The release of the report is among the culminating events of the PEN World Voices Festival, an annual celebration of world literatures chaired by Salman Rushdie. “It is especially fitting to be launching this powerful PEN report at a World Voices Festival dedicated to the idea of Bravery,” Rushdie said. “The report describes not only the tremendous bravery of our colleague Liu Xiaobo, his wife Liu Xia, and scores of other writers and journalists in China, but also the daily acts of bravery of the millions of China’s citizens who are openly challenging China’s censors.”
The PEN Report: Creativity and Constraint in Today’s China documents in compelling detail the growing determination of China’s citizens to make themselves heard, especially through digital media – despite increasingly invasive and insidious techniques of Chinese monitoring and surveillance, coupled with harsh punishment for those who defy censorship rules.
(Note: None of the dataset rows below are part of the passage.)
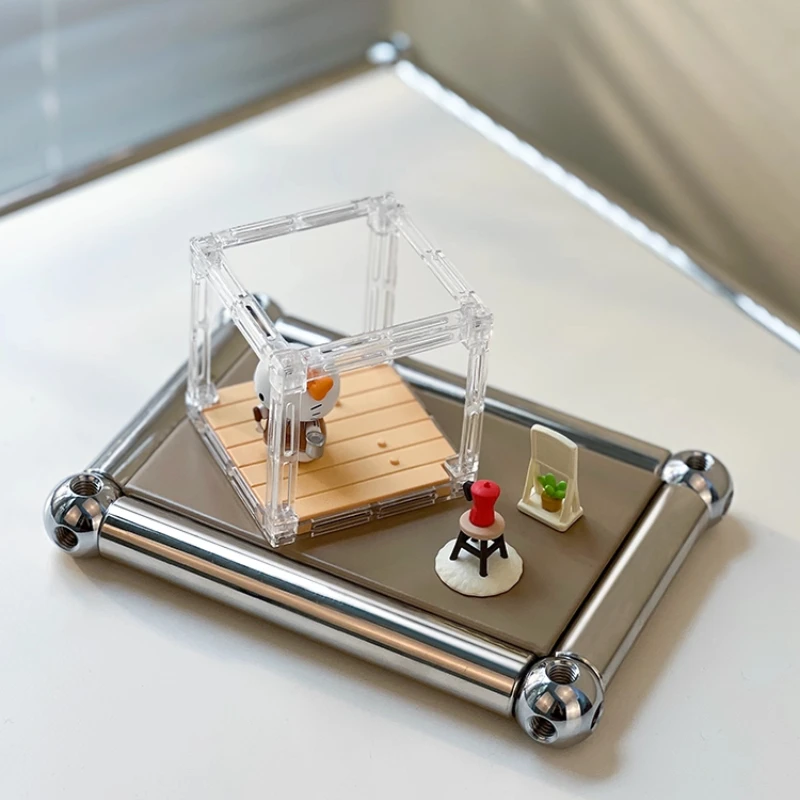 

Stainless Steel Storage Tray, Mini Trendy Tray, Decorative Aromatherapy Tray, Elegant Decor Tray for Small Spaces Organization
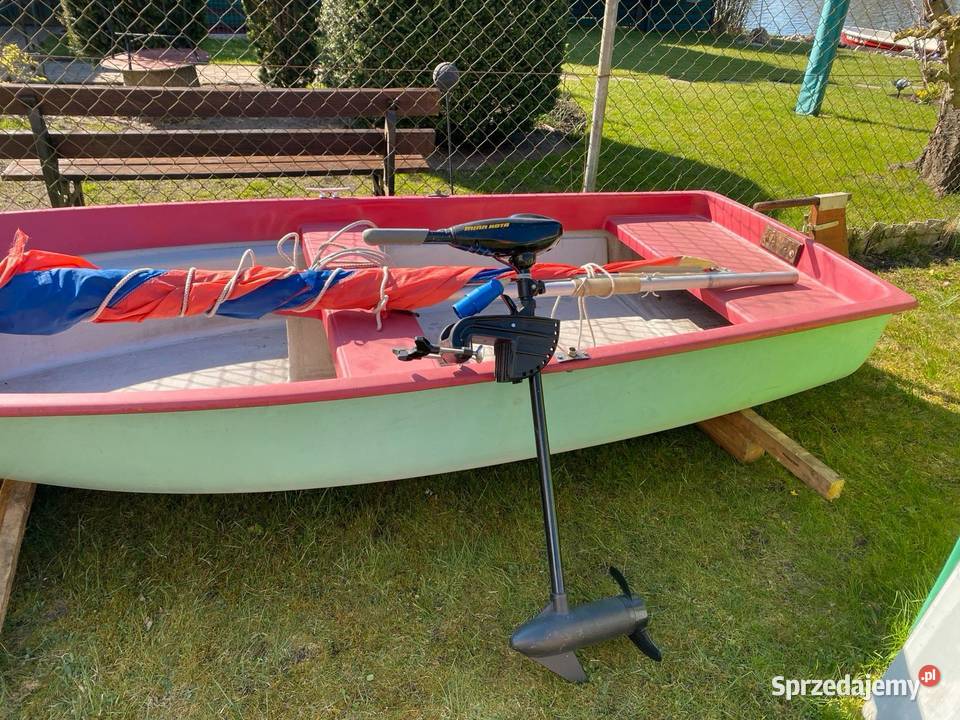 Sprzedam łódkę z silnikiem elektrycznym Dębno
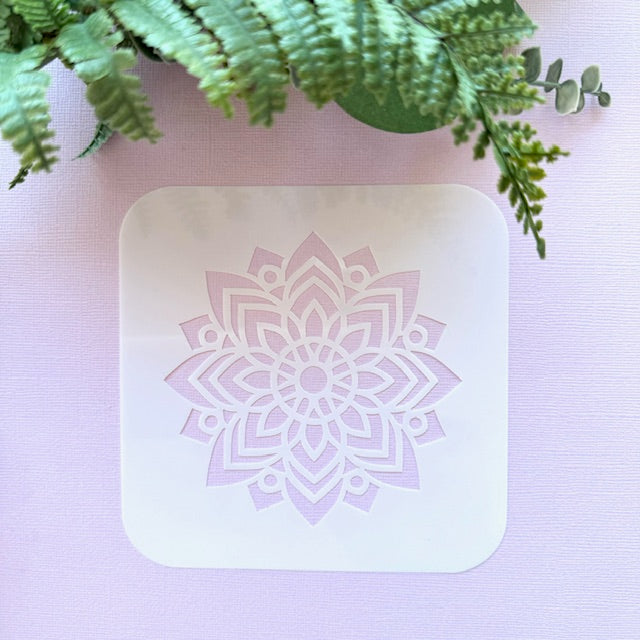 Lotus Mandala Stencil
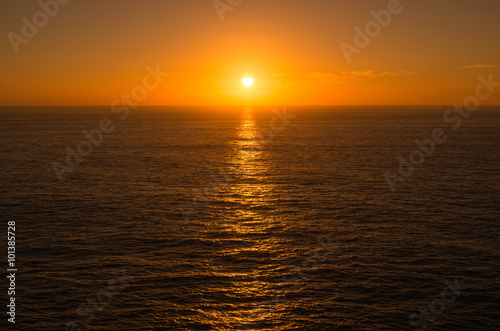 Sunset over the ocean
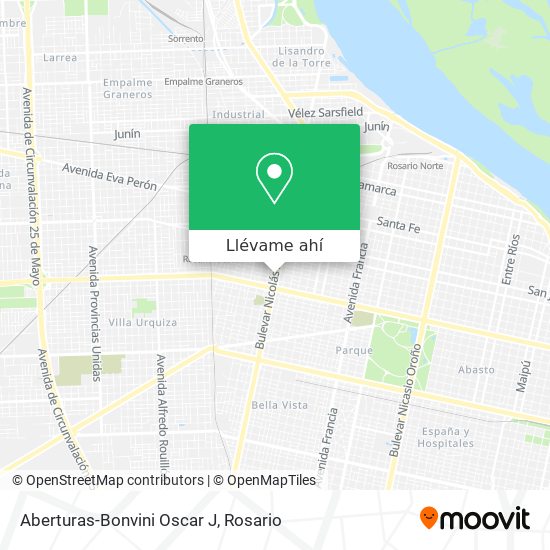 Mapa de Aberturas-Bonvini Oscar J
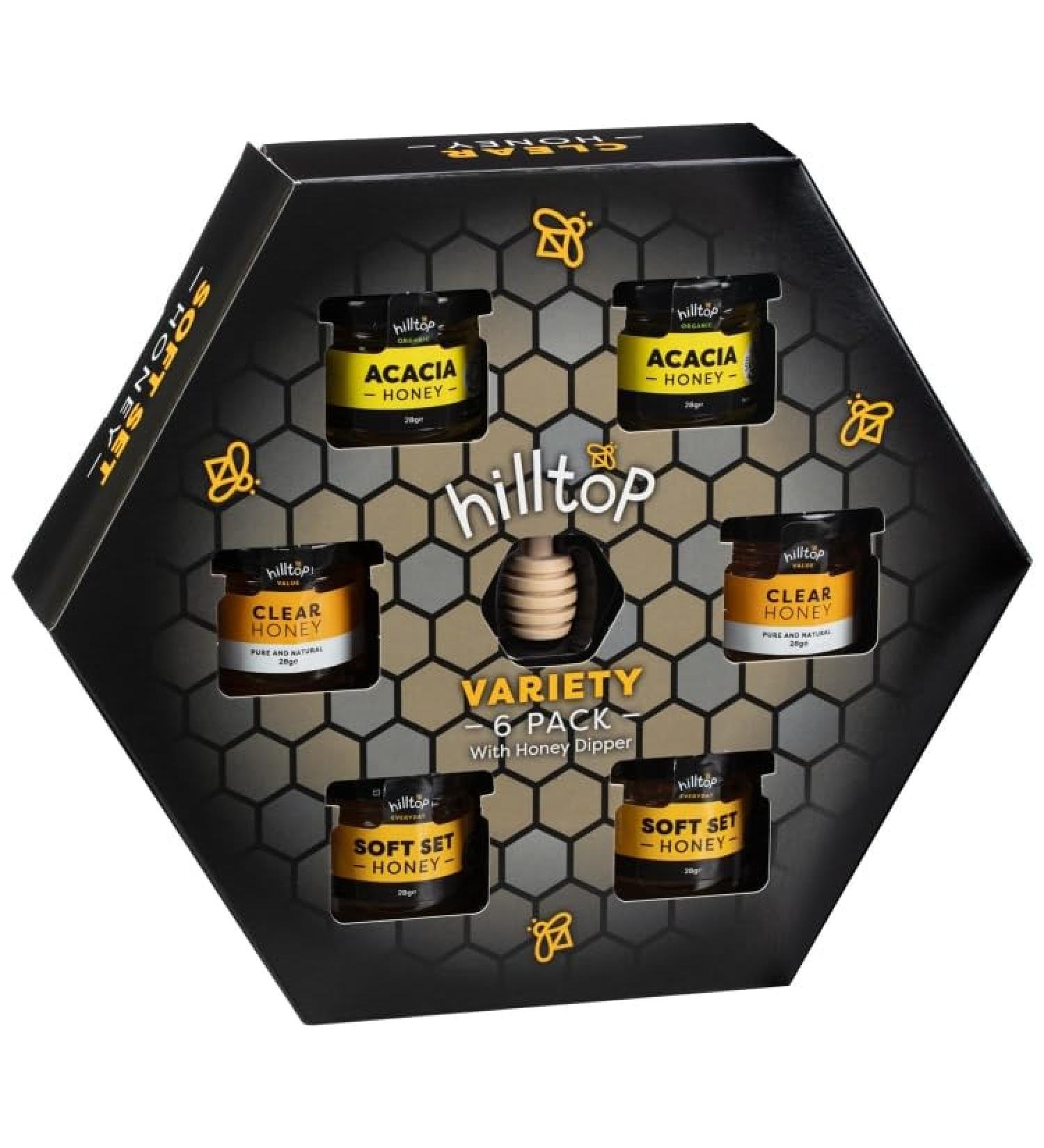RA-HOMESTORE Hilltop Honey Variety Available flavours Hilltop Organic Acacia Honey Hilltop Value Clear Honey Hilltop Everyday Soft Set Honey Gift - Buy Online on GoSupps.com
Alarmed by the digital media-fueled demonstrations in the Arab world, the Chinese government has built a human and electronic army to monitor and control expression. But China’s Internet-hungry and tech-savvy population is undeterred, finding limitless creative ways to thwart censors and leap the so-called Great Firewall.
Literature is a signature focus in Creativity and Constraint in Today’s China. In a year when novelist Mo Yan became the first Chinese citizen to win the Nobel Prize for Literature, and with China an increasingly assertive presence in the international cultural landscape, the report warns that creative freedom is still sharply curtailed inside China. It tracks the fate of over 100 writers who were jailed, assaulted, held in extrajudicial detention, or forced into exile during governmental crackdowns; the list includes more than 40 writers currently imprisoned for their writing, among them Liu Xiaobo.
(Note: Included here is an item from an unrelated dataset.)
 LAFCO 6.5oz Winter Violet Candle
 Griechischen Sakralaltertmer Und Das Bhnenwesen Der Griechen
“We must not forget those imprisoned writers who are not as famous as Liu Xiaobo, whose names also appear in this report,” Chinese writer in exile Yu Jie said. “While they are in prison and don’t know about the release of this report, they certainly know that many fellow writers around the world are concerned about them.”
“I’m reminded of Ernest Hemingway’s For Whom the Bell Tolls,” Yu continued. “The bell tolls for every one of us. If we forget our brothers and sisters who lose their freedom due to their words, we don’t deserve to enjoy freedom.”
“The report makes a number of fair and realistic recommendations to China’s new leaders,” said Ralston Saul. “We believe these changes can, and should, be made.”